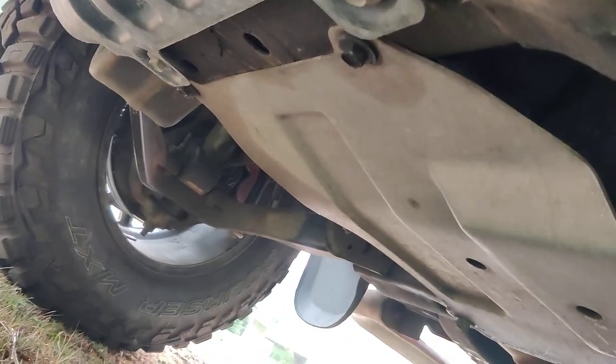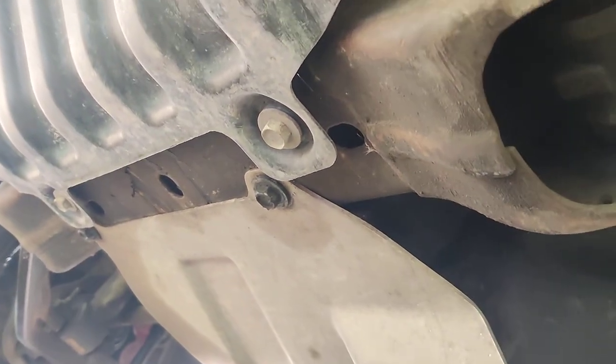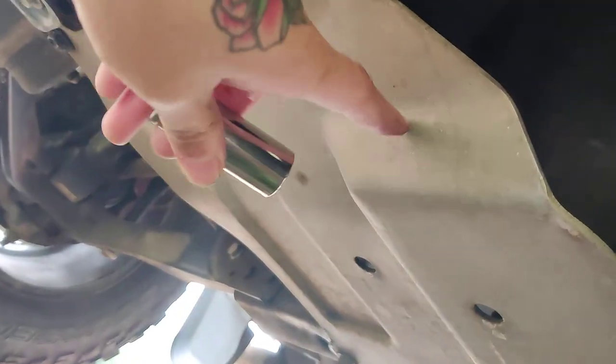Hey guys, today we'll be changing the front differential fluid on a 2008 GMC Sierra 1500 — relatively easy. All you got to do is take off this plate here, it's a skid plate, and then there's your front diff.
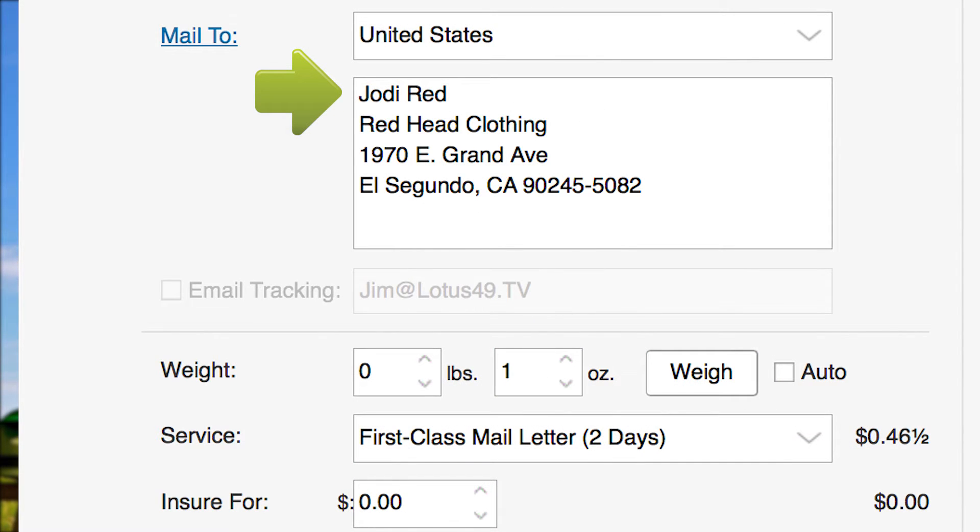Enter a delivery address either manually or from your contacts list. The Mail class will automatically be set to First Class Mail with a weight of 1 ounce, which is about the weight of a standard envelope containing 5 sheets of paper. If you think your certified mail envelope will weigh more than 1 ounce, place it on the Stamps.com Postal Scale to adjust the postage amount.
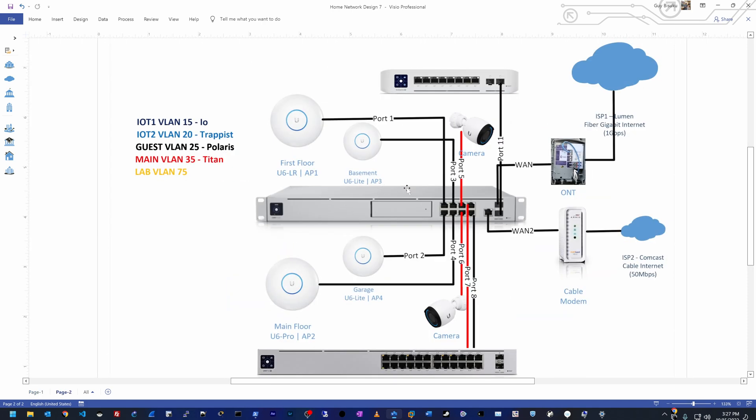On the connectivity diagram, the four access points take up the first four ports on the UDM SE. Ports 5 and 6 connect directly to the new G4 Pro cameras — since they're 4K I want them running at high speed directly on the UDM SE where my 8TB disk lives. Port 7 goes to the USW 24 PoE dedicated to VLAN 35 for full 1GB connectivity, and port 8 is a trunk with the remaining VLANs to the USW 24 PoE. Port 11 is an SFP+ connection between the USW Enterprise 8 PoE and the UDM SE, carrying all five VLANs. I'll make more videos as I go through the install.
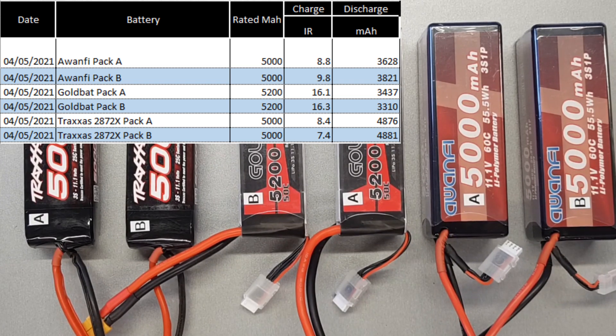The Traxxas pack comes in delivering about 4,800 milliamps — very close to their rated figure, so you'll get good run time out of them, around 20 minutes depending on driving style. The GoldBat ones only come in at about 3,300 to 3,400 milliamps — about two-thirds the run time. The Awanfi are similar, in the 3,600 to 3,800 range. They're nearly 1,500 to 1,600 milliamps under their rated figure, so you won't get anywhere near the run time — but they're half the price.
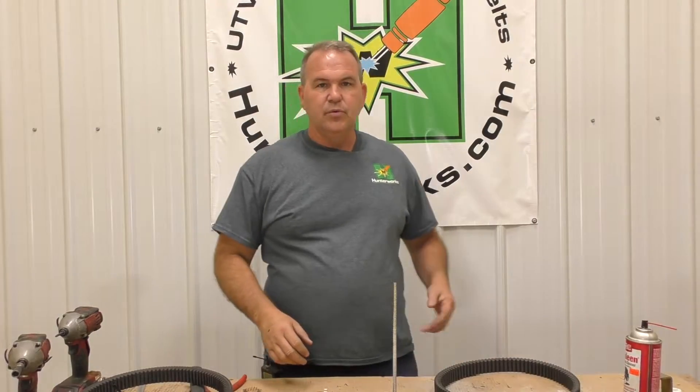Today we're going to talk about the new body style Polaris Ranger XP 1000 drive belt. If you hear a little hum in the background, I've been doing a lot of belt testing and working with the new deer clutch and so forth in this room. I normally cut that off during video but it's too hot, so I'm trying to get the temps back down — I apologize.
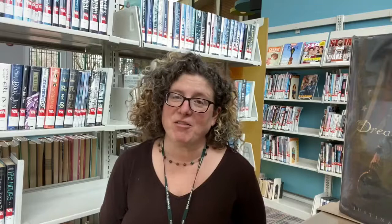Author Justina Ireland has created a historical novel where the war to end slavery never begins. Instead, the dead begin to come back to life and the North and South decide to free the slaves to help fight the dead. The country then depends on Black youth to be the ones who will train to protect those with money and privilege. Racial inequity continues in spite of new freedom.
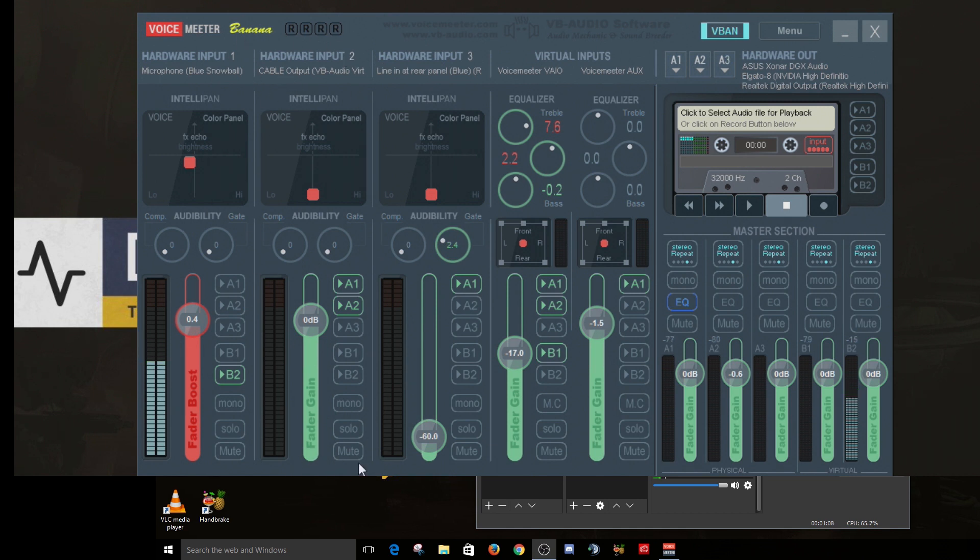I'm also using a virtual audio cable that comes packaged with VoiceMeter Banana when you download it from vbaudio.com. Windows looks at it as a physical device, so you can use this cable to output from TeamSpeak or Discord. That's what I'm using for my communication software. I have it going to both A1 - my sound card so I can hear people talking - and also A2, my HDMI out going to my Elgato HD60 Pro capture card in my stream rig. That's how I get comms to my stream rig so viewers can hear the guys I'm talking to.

▶ **TASK DETAILS**: What are the lines above from the one with "On the connectivity" to the one with "Today we're going", both included? Reproduce them exactly, without pictures.

▶ **ANSWER TO THIS PROBLEM**:
On the connectivity diagram, the four access points take up the first four ports on the UDM SE. Ports 5 and 6 connect directly to the new G4 Pro cameras — since they're 4K I want them running at high speed directly on the UDM SE where my 8TB disk lives. Port 7 goes to the USW 24 PoE dedicated to VLAN 35 for full 1GB connectivity, and port 8 is a trunk with the remaining VLANs to the USW 24 PoE. Port 11 is an SFP+ connection between the USW Enterprise 8 PoE and the UDM SE, carrying all five VLANs. I'll make more videos as I go through the install.
The Traxxas pack comes in delivering about 4,800 milliamps — very close to their rated figure, so you'll get good run time out of them, around 20 minutes depending on driving style. The GoldBat ones only come in at about 3,300 to 3,400 milliamps — about two-thirds the run time. The Awanfi are similar, in the 3,600 to 3,800 range. They're nearly 1,500 to 1,600 milliamps under their rated figure, so you won't get anywhere near the run time — but they're half the price.
Today we're going to talk about the new body style Polaris Ranger XP 1000 drive belt. If you hear a little hum in the background, I've been doing a lot of belt testing and working with the new deer clutch and so forth in this room. I normally cut that off during video but it's too hot, so I'm trying to get the temps back down — I apologize.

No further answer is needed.